> **Task requirements**
Starting at the line that contains "A4 Print: Santa Paws", reproduce every line through the end of the entries below, with no pictures in the copy.

> **Records shown**
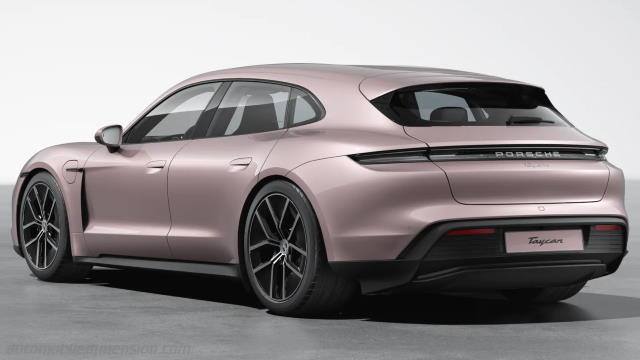 Exterieur van de Porsche Taycan Sport Turismo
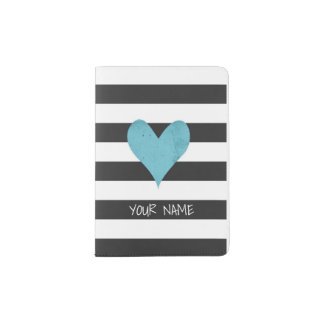 Blue Heart - Personalized Passport Cover
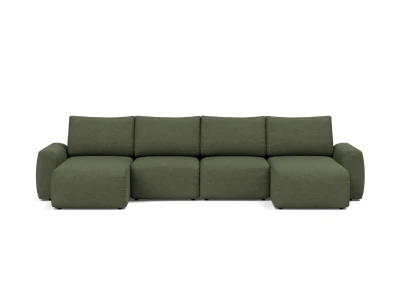Norum Sofa Bed U-shape With Chunky Arms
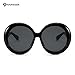 Karsaer Retro Oversized Round Sunglasses Women & Men, 70s 80s Fashion Trendy Big Shades K7155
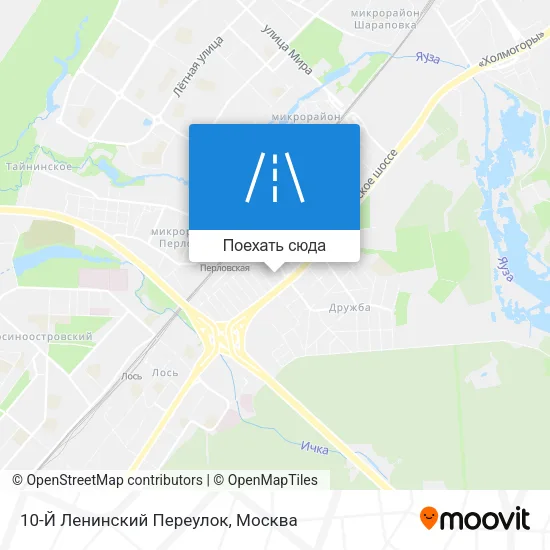Карта 10-Й Ленинский Переулок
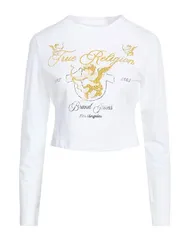 トゥルーレリジョン レディース トップス Tシャツ TRUE RELIGION White ホワイトのサムネイル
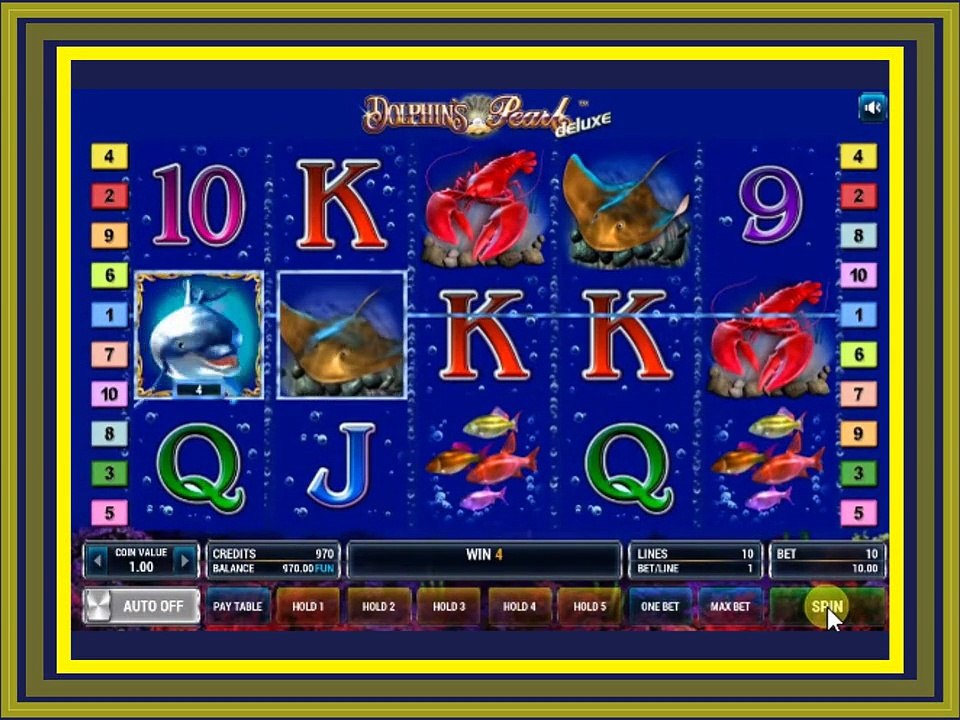 Игровые автоматы Dolphins pearl Deluxe Дельфинчик Делюкс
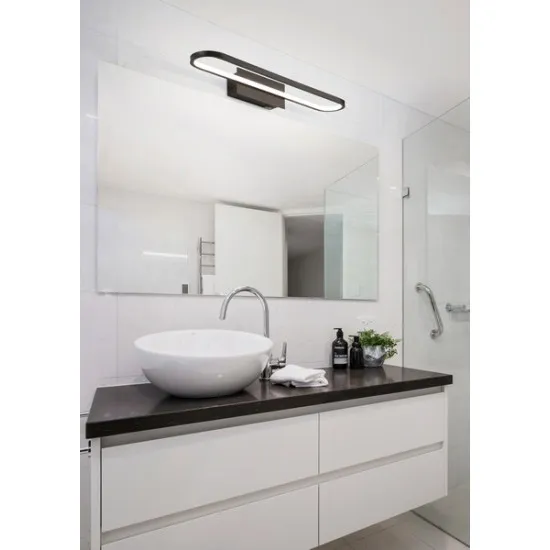 Trio Gianni fekete-fehér fürdőszobai LED tükörvilágítás (TRI-283779132) LED 1 izzós IP44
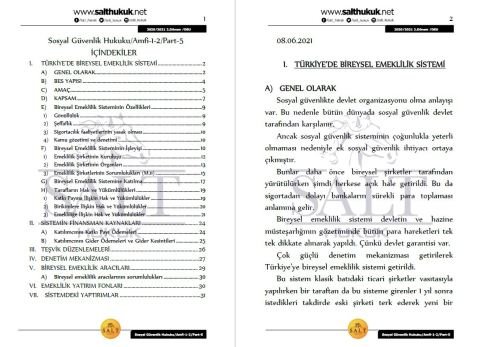 Sosyal Güvenlik Hukuku Amfi 1-2 2. Dönem Part-5 (2020-2021)-DEÜ-Konu Anlatım Kitapçığı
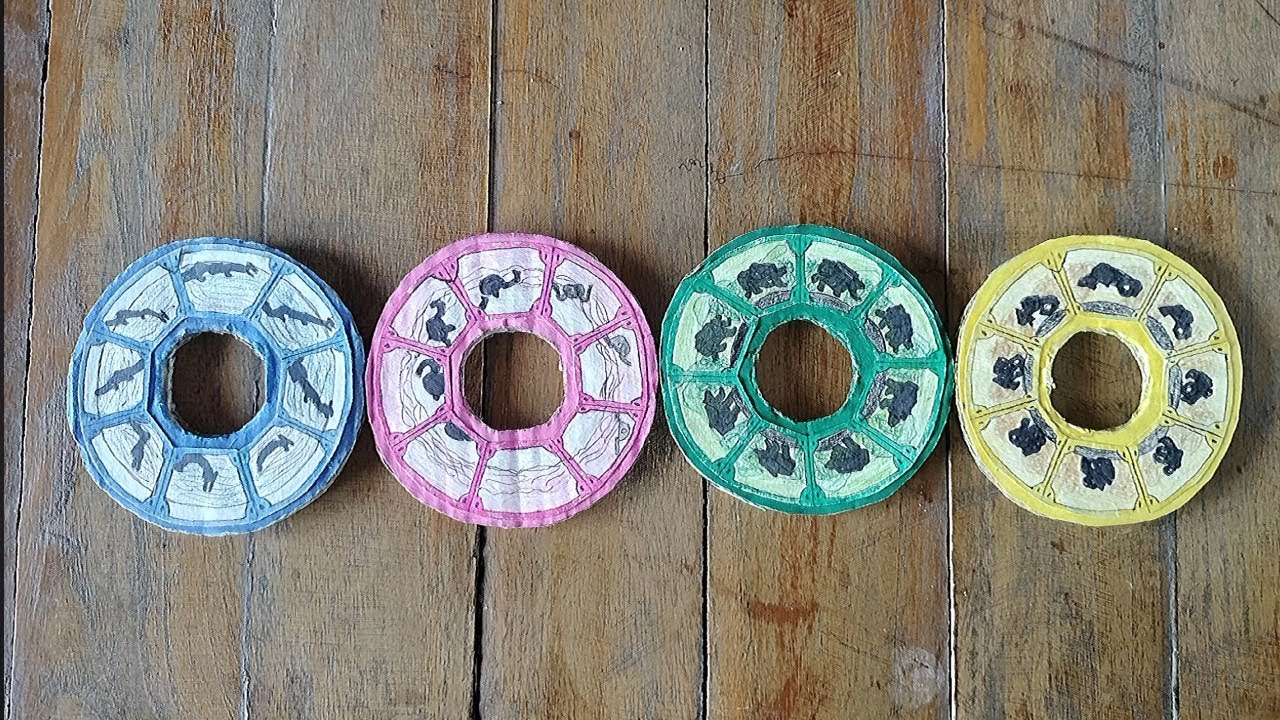 (D.I.Y. Review) Cardboard DX Secret Disks Set 01 - Samurai Sentai Shinkenger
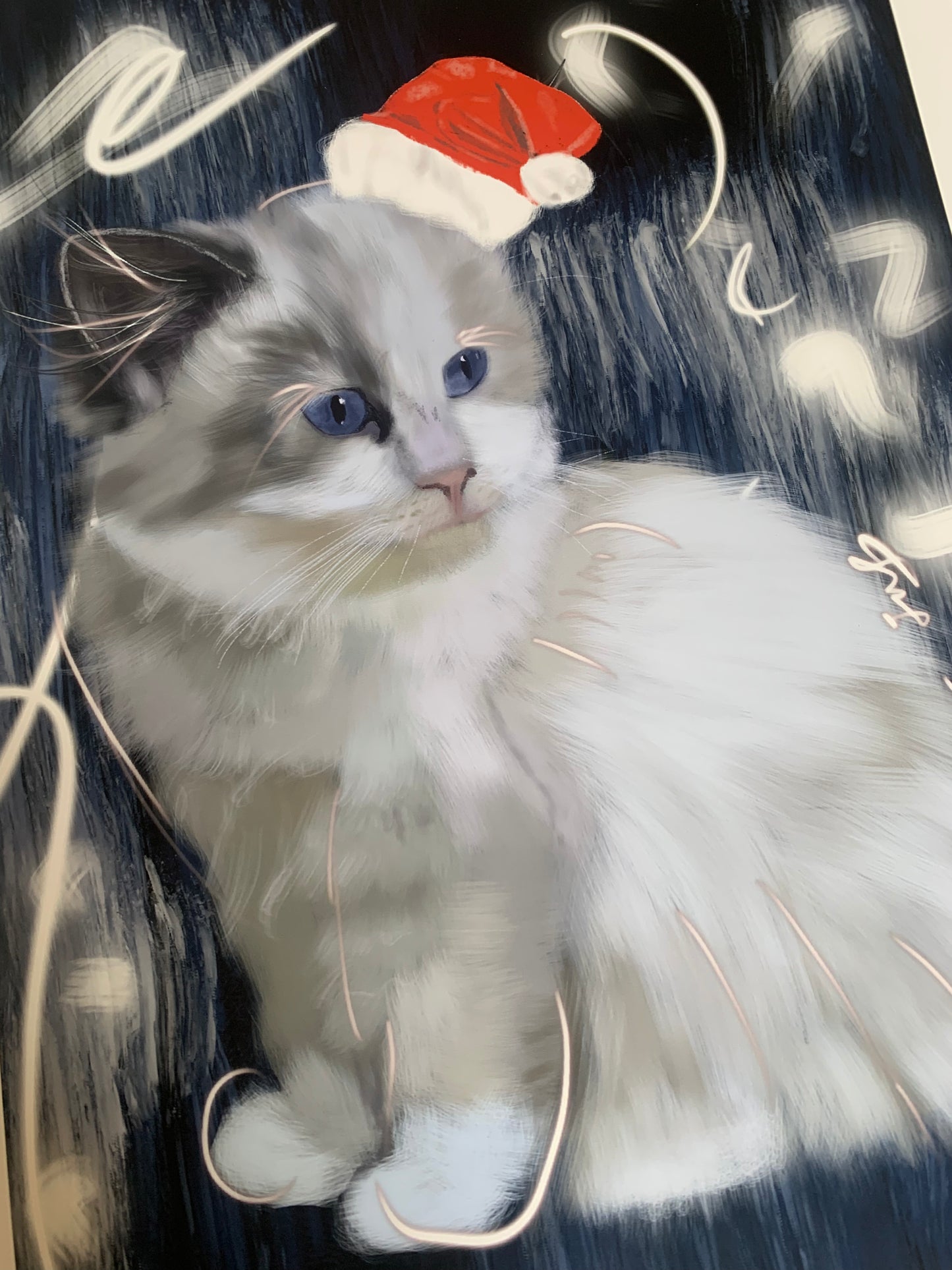 A4 Print: Santa Paws
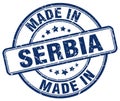 made in Serbia blue grunge stamp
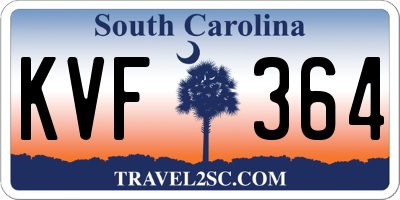 SC license plate KVF364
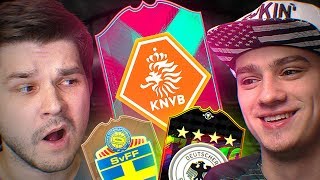 УГАДАЙ СБОРНУЮ ПО ТИПУ КАРТОЧКИ в FIFA 19 vs ПОЛЬСКИЙ ШКОЛЬНИК | ФИФА АКИНАТОР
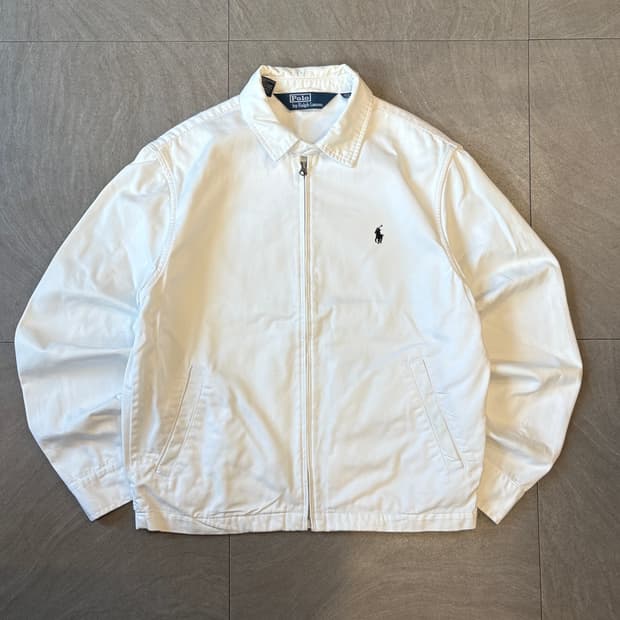 폴로 정품 화이트 스윙톱 자켓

> **Result for this exercise**
 A4 Print: Santa Paws
 made in Serbia blue grunge stamp
 SC license plate KVF364
 УГАДАЙ СБОРНУЮ ПО ТИПУ КАРТОЧКИ в FIFA 19 vs ПОЛЬСКИЙ ШКОЛЬНИК | ФИФА АКИНАТОР
 폴로 정품 화이트 스윙톱 자켓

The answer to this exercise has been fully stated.